Factual and Procedural Background
In 1989, Campbell agreed to sell certain unimproved real property in La Jolla to G. Milam Hall for $650,000. The parties contemplated Hall borrowing $450,000 from John M. Sachs to enable him to purchase the property and that Campbell would loan Hall the remainder of the purchase price. In order to induce other lenders to loan Hall funds to develop the property, Campbell and Hall entered into a subordination agreement by which Campbell agreed to subordinate its position as Hall’s secured creditor in favor of other lenders, conditioned upon such acquisition and development loans complying with certain terms regarding maturity and points charged. Sachs’s agreement to make the acquisition loan was conditioned on his note being secured by a first deed of trust. Scripps Bank handled the escrow for the real property transaction, which closed May 15, 1989. Scripps Bank informed the title company that Campbell’s deed of trust was a second trust deed and was to be recorded subject to the Sachs deed of trust.
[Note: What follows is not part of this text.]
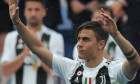 Dybala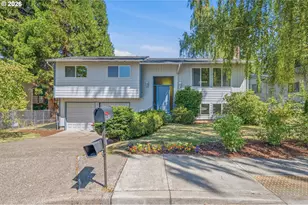 16285 SW Rosa Rd, Beaverton, OR 97007 - Photo 1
When the sale closed, the Sachs deed of trust, the Campbell deed of trust and the subordination agreement were recorded concurrently, with Campbell’s trust deed reciting it was “second and subsequent in lien to [the Sachs] deed of trust recorded concurrently herewith.” When Hall’s development plans failed, secured creditors foreclosed their security interests in the property, rendering Campbell a sold-out junior lienholder whose security interest in the property was destroyed when the sale produced insufficient proceeds to repay Campbell.
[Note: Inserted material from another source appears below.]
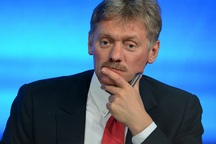 Nga hé lộ về lệnh trừng phạt đáp trả Ukraine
Campbell then sued Sachs for declaratory and injunctive relief to stop the foreclosure and to determine the priority between the two concurrently recorded purchase money deeds of trust.
(Campbell v. Sachs
(Super. Ct. San Diego County, 1991, No. 643725).) The trial court ruled the parties intended the Sachs trust deed to have priority over the Campbell trust deed and entered judgment accordingly. Campbell appealed.
(Campbell
v.
Sachs
(July 14, 1995, D018994) [nonpub. opn.].) On July 14, 1995, we affirmed the judgment, holding that substantial evidence supports the trial court’s factual determination Sachs’s trust deed was intended to be and was senior to Campbell’s trust deed.
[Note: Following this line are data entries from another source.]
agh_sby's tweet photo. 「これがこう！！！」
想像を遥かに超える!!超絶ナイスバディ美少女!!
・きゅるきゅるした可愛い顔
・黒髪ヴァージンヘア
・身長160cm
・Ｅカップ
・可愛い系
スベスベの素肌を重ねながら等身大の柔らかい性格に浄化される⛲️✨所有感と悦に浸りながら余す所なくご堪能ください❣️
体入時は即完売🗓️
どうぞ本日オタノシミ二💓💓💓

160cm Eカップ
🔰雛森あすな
On May 14, 1993, Campbell sued Scripps Bank for negligence and declaratory relief, alleging it had negligently caused the escrow to close with the loan terms not complying with the terms of the subordination agreement. Campbell’s first amended complaint for breach of contract and declaratory relief was dismissed without prejudice on May 5, 1994, abating the matter while the appeal in
Campbell
v.
Sachs, supra,
D018994, was pending. After our ruling in that case, the parties stipulated to set aside the dismissal and reopen the matter in October 1997. Scripps Bank then moved for summary judgment. In granting the motion, the trial court reasoned:
“[Scripps Bankj’s Motion for Summary Judgment is granted as [Campbell] is collaterally estopped from prosecution of this action. The Court of Appeal’s decision in Court of Appeal Case No. D018994 affirming the trial court’s finding that the intent of the parties was that the Sachs’ deed of trust was to be senior to'that held by [Campbell] irrespective of the Sachs’ deed of trust compliance with the subordination agreement as finally determined adversely to [Campbell] [and] that action is entitled to collateral estoppel effect and this action, as asserted by [Scripps Bank]. [Citations.]
“As this action is premised upon liability as a result of [Scripps Bank]’s alleged failure to insure the Sachs’ loan and deed of trust complied with the terms of the subordination agreement and/or recordation of the allegedly noncompliant Sachs’ loan and deed of trust is superior to that deed of trust held by [Campbell], Necessarily the application of collateral estoppel effect to the findings of inapplicability of the subordination agreement and of a filed intent of seniority to [be] afforded to the Sachs’ loan precludes this action.”
The trial court later awarded attorneys fees to Scripps Bank. Campbell timely appealed.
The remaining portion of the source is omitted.